**Material provided**
[Start of Attachment]
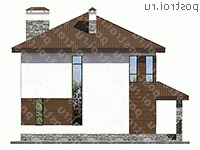 U-144-1P проект двухэтажного дома из газобетона размером 10 на 10 - вид справа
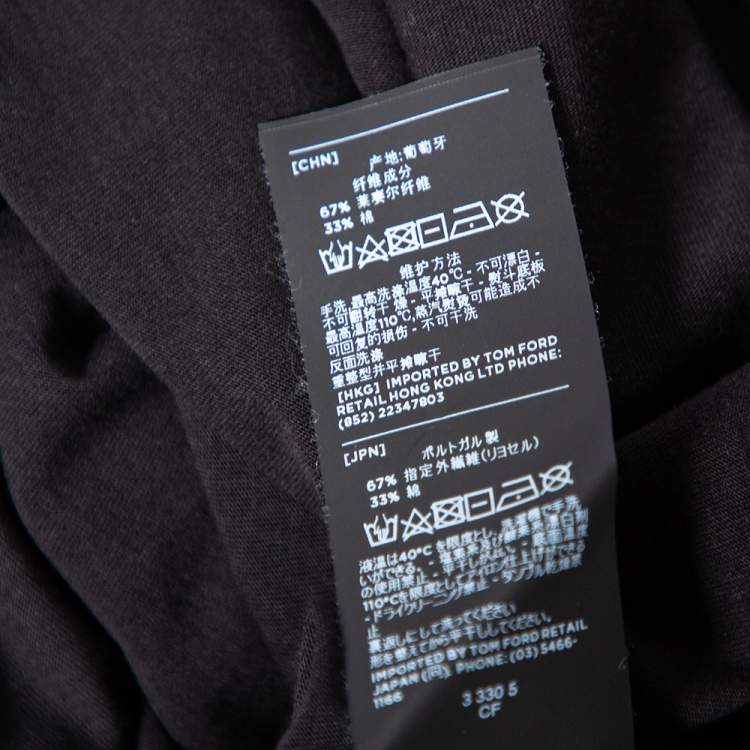 Pre Owned Tom Ford Black Jersey V-Neck T-Shirt XXXL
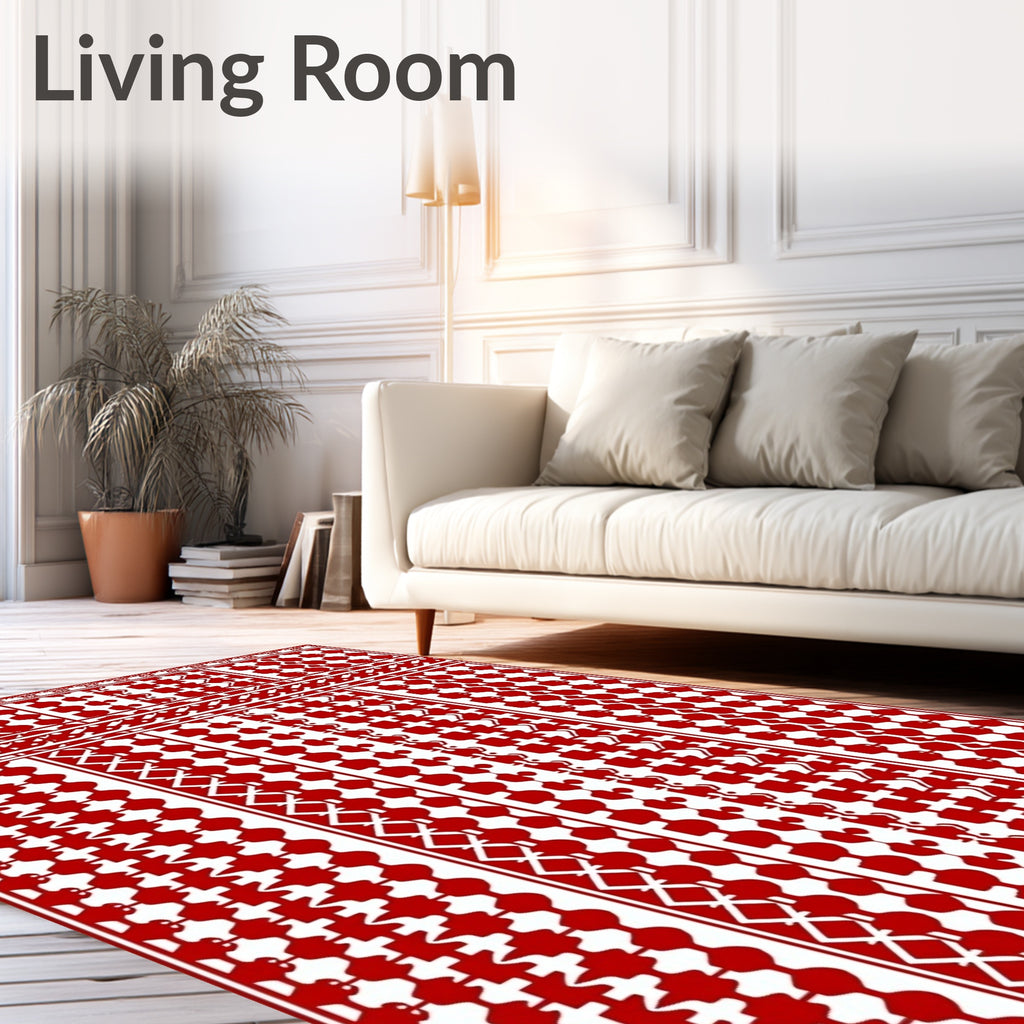 Bold Red Vertical Succession Stripes Rug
[End of Attachment]
Line by line, write out the material above exactly, with no images.

 U-144-1P проект двухэтажного дома из газобетона размером 10 на 10 - вид справа
 Pre Owned Tom Ford Black Jersey V-Neck T-Shirt XXXL
 Bold Red Vertical Succession Stripes Rug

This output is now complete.